Role and Company
Founder, Starving Students
Expertise
48 years experience in management
Location
Los Angeles, CA
About Ethan
I have created over 150,000 jobs.
BA, Philosophy, UCLA
JD, Loyola University School of Law
Member of YPO
I founded my company when I was 17 years old. At peak we were the largest local mover in the country with over 70 locations nationwide, 1,000+ people employed, and we operated 100's of trucks. The company often provided unskilled workers with skills enabling them to gain well-paying positions. Numerous innovations in the early years set new industry standards for customer service, employee satisfaction, and safety and regulatory compliance. Over 45 years the company created well in excess over 150,000 jobs and moved millions of people.
My father joined the Marines in 1939 at the age 13. He was in the Army at 15 and Navy at 16.
In the Navy he was stationed in England. His ship was part of a flotilla heading to the invasion of Normandy, where he was a signalman. He was in the crow's nest when the ships were attacked by enemy submarines and planes.
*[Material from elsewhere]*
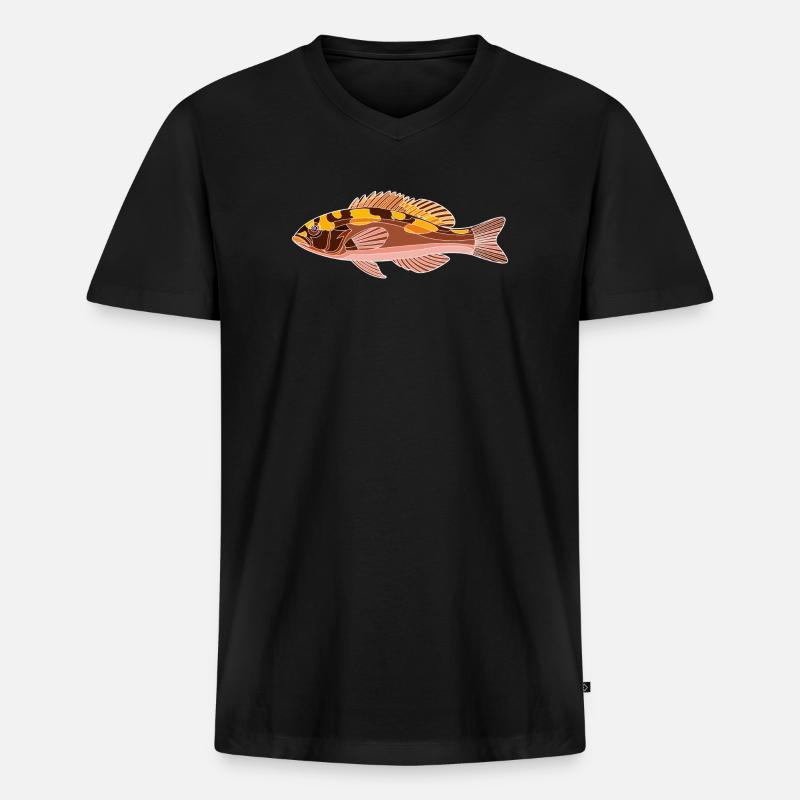 Tabaksbarsch - Männer Premium Bio T-Shirt mit V-Ausschnitt - Schwarz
Many of the ships were sunk and most of the sailors froze to death in the cold waters of the North Atlantic. By accident he was left in the crow's nest for a lengthy period and he was revived from a near death experience.
He then participated in operation Tiger, an ersatz invasion to divert the Germans prior to Normandy. In the invasion of Normandy he drove a boat transporting soldiers from ship to shore. When he opened the front of the boat for disembarkment the boat sunk . The men were ordered to go out the front of the boat but everyone was getting killed in machine gun fire, so many violated orders and jumped over the side. Many of the men had eaten a large pre-invasion breakfast and were sea sick. They were wearing a new type of life jacket that they were not trained on and many were strangled to death because they misused it. My father said he only lived because he was fast and didn't eat much- he didn't like the food and essentially lived on coffee, chocolate and cigarettes. From the Beach he caught a ride back to his ship and had 3 Nazi prisoners. Once out to sea the prisoners were offered a choice of being shot or jumping in the ocean; they all jumped in all froze to death.
After WWII he initially worked in underground paramilitary government roles where he collected and distributed weapons internationally. Subsequently he traveled the world as an Able Bodied Seaman on a commercial ship. He was questioned by SIS/M16 while traveling in Europe about his military role.
Later my father worked as a television writer and author. My father believed in a strong national defense, He had strong moral character and as a child he told me every day to be ethical and honest. He retired young and spent his time reading. He had expertise in history (he knew the entire history of the world), military history, geography (he could draw a map of the world from memory), literature, language (he challenged me often to name an English word and he would translate it into ancient languages), and so forth. One of his interesting written works was about the colorful language of the lower economic classes of southerners drafted into the service for WWII, published in Maledicta, an academic journal of bad language.
I am honored to be able to participate in this service.